We may be missing a more fundamental problem beneath our fixation on debt and deficits and our out of control welfare states.  I’ve been reading a lot of recent economic literature that is saying, in plain speech, “hey wait a minute—we really don’t know what drives economic growth over the long term.”  In other words, believe it or not there is no widely accepted “field theory,” so to speak, to explain economic growth over the long term.  That’s one point of Deirdre McCloskey’s fine book Bourgeois Dignity: Why Economics Can’t Explain the Modern World, but see also another recent book that I think is destined to become a classic of recent economic literature, Daron Acemoglu and James Robinson’s Why Nations Fail: The Origins of Power, Prosperity, and Poverty.  (And if you’re inclined to do a survey of good literature on this subject, don’t overlook David Landes, Hernando de Soto, and Tyler Cowan, among others.)

What if, a few pessimists are asking right now, if the long-wave of steady economic advance starting with the industrial revolution 200 years ago is over, and we are now going to revert to the mean of almost no economic growth that characterized human history prior to the industrial revolution?  This is the melancholy speculation of Northwestern University economist Robert J. Gordon, in a recent NBER working paper entitled “Is U.S. Economic Growth Over? Faltering Innovation Confronts the Six Headwinds.”  Here’s a sobering excerpt from the abstract:

This paper raises basic questions about the process of economic growth. It questions the assumption, nearly universal since Solow’s seminal contributions of the 1950s, that economic growth is a continuous process that will persist forever. There was virtually no growth before 1750, and thus there is no guarantee that growth will continue indefinitely. Rather, the paper suggests that the rapid progress made over the past 250 years could well turn out to be a unique episode in human history. . . The paper is about “how much further could the frontier growth rate decline?”
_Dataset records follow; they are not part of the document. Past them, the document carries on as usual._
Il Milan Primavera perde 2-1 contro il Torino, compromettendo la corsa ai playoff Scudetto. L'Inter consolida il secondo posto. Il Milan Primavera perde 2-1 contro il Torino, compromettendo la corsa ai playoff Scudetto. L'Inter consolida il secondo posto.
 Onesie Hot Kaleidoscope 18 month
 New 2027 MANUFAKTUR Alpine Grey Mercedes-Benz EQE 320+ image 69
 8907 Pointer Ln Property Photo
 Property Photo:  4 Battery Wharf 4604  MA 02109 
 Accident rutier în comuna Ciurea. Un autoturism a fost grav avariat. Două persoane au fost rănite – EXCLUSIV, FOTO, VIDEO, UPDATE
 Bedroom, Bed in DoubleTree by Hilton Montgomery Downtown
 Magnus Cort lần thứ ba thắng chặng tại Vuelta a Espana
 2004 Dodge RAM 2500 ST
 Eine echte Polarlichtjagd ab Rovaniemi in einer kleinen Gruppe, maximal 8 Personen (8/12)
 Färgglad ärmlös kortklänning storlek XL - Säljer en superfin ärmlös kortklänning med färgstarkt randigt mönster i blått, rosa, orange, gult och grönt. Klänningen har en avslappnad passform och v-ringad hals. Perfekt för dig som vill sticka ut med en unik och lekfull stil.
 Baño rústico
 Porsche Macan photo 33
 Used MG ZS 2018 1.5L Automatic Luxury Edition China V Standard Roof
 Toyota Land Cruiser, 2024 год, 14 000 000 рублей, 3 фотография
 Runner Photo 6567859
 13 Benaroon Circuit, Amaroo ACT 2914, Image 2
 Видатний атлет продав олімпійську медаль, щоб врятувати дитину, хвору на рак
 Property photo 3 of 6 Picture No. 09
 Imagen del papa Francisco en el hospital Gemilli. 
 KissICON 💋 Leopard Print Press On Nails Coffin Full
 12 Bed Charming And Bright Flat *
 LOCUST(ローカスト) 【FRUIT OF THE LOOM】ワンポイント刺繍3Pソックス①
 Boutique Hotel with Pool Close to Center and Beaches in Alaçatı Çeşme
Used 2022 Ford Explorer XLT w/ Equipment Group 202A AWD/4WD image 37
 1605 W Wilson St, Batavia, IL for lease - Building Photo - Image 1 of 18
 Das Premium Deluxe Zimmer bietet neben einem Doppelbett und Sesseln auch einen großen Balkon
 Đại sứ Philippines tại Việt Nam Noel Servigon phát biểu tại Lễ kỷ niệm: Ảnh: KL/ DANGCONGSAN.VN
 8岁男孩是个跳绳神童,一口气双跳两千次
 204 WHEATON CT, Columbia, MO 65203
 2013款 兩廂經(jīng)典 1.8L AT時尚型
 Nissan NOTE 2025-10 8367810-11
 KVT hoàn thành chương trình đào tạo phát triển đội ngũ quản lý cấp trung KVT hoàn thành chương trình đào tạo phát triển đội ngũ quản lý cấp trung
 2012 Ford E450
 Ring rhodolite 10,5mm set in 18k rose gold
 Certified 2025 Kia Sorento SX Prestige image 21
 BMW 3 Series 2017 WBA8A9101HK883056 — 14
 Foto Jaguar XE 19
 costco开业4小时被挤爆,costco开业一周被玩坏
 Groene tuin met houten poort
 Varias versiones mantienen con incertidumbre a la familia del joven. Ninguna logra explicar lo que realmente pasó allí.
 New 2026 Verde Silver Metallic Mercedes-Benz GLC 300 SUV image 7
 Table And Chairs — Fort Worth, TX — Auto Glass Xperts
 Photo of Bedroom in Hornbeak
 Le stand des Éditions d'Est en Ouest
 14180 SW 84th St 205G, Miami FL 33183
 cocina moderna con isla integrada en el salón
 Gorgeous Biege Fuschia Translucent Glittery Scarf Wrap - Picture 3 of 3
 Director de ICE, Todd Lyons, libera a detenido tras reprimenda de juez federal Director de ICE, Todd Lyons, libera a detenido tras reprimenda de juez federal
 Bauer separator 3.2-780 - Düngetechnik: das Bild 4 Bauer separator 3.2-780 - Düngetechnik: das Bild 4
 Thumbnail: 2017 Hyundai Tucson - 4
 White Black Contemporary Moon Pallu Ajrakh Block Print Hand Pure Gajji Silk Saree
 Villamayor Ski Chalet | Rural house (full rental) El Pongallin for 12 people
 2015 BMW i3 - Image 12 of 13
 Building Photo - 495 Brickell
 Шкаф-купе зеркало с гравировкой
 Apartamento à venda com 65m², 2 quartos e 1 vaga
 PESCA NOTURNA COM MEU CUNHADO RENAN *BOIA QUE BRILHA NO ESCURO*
Meanwhile, investor Jeremy Grantham is just out with his latest economic analysis, and it fits right in Gordon’s slipstream:

The U.S. GDP growth rate that we have become accustomed to for over a hundred years – in excess of 3% a year – is not just hiding behind temporary setbacks. It is gone forever. Yet most business people (and the Fed) assume that economic growth will recover to its old rates.

After fiddling with his model, Grantham concludes:

The bottom line for U.S. real growth, according to our forecast, is 0.9% a year through 2030, decreasing to 0.4% from 2030 to 2050. This is all done presuming no unexpected disasters, but also no heroics, just normal ‘muddling through.’”

If either Gordon or Grantham are correct, even partially correct, the political impact over time will be devastating, and will make the last election season look like Sesame Street compared to what future campaigns in a no-growth economy will be like.

There are a variety of ways to react to this kind of pessimism.  Some might take it as a contrary indicator: buy now! I’ve always tended to be among the “never bet against the United States” chorus.  But then I never expected the American people would re-elect an obvious economic illiterate (or worse) like Barackus Obama.  But even if you think this pessimism overdone, the bias of policy today ought to be toward removing any barriers, or greasing the skids, to creating the maximum value-added jobs possible.  Which means, even for a dunce like Obama, expediting the Keystone pipeline, and permitting offshore drilling in the Atlantic and elsewhere.  And that’s just in the energy sector.

As I’ve said here before, only partly tongue-in-cheek: stock up on gold, guns, and canned goods.